Time for Lofstrom's Server Sky?

It’s 1997 only instead of the Netscape interface to the World Wide Web, it’s the large language model front end to an explosion of power-hungry matrix multipliers “in the cloud”.

Generative AI demand growth beyond world name plate capacity for electrical generation is likely to out pace that indicated by the following thematic map:

Yes, the hysteria that hit in 1997 was largely fluff. So is the current large language model hysteria. Even so, there will, at the very least, be a temporary peak-load electric power price rise in the next few years. It may even be a price shock. Moreover, there is good reason to believe that even if there are great advances in the efficiency of AI systems, the tax structure favoring rentiers over labor will result in a voracious AI appetite for energy. Rentiers will be literally throwing money at anyone who can, in turn, throw money at increasing AI capacity.

What people are missing here is that, just as the cost of improving scientific models goes vertical (asymptotic), so, too, does the cost of improving any model of the world, including generative AI models. The reason for this is that generative AI models, in the final analysis, rely on scientific models of the world (world models) in the general sense of the natural sciences. Moreover, just as squeezing that last bit of accuracy out of a scientific model pays huge dividends, so, too, will squeezing that last bit of accuracy out of generative AI models pay huge dividends. “An ounce of prevention…” is a gross understatement when it comes to quality in making intelligent decisions. This will sustain the explosion in demand for electricity beyond the present terminal hysteria.

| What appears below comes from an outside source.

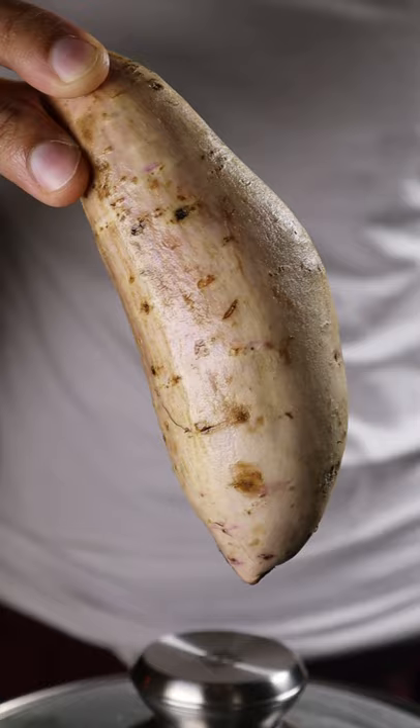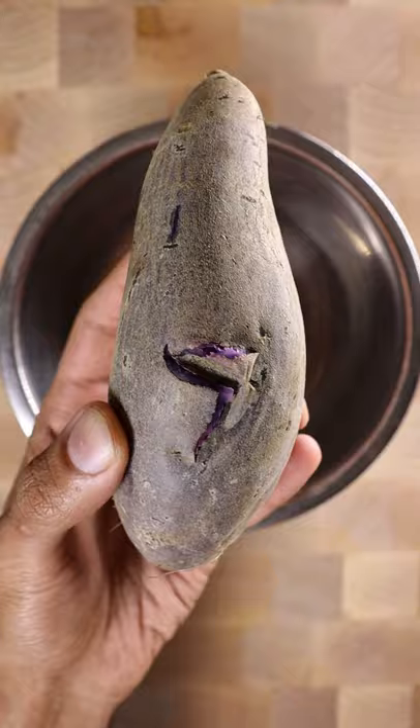Start by boiling your ube, also known as purple yam, for about 30 minutes, then peel the skin and mash it up.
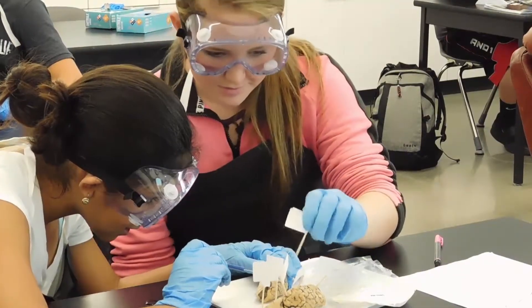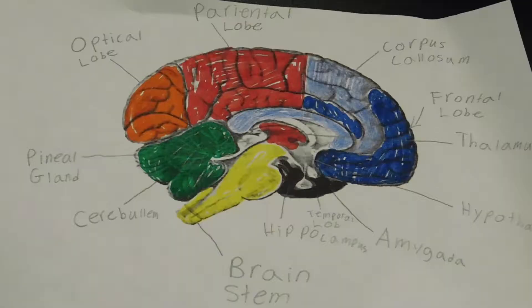Sheep brains are very much similar to human brains except for size, and they also reflect a lot of the different parts of our brain, such as the thalamus, hippocampus, and brainstem — very similar.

So Keith Lofstrom’s approach in Server Sky starts to look like it may be inevitable and a lot sooner than 2030, which is when it might otherwise seem reasonable to expect it to be deployed at scale. The basic idea is to mass produce, and deploy in high orbit, constellations of “thinsats”:

image

Each thinsat weighs about 5 grams. It incorporates solar cells, computation, telecommunications, heat-sink radiator and, interestingly, quasi-reactionless elecrochromic thrusters for station keeping. Here is a diagram of thinsat version 6:

By “elecrochromic” Lofstrom means a solid state device that varies between reflective and dark/opaque, to work like an integrated set of solar sails at a very small scale. Light pressure only. No fuel needed.

Quoting Lofstrom:

Server Sky is speculative. The most likely technical showstopper is radiation damage. The most likely practical showstopper is misunderstanding. Working together, we can fix the latter.

Radiation damage risk brings to mind Gallium Arsenide’s:

  • Relative radiation resistance
  • Utility in solar cells
  • Utility in telecommunications (ie: with Earth and other thinsats)
  • High electron mobility for computation
  • Dielectric advantages for smaller integrated circuits (which is a big reason Seymour Cray favored GaAs)

Of course, GaAs fabs have a lot of catching up to do if they are going to compete with whatever radiation shielding might be available to silicon thinsats, but if the GaAs fab guy I talked to at the demise of Cray Computer Corp. is to be believed, the potential is there for a revolution in electronics, given enough hysterical investment capital to overcome The Hardware Lottery.

7 Likes

Has Mr. Lofstrom done much with the idea in the recent past?
The wiki’s RecentChanges page suggests desultory work over the last year.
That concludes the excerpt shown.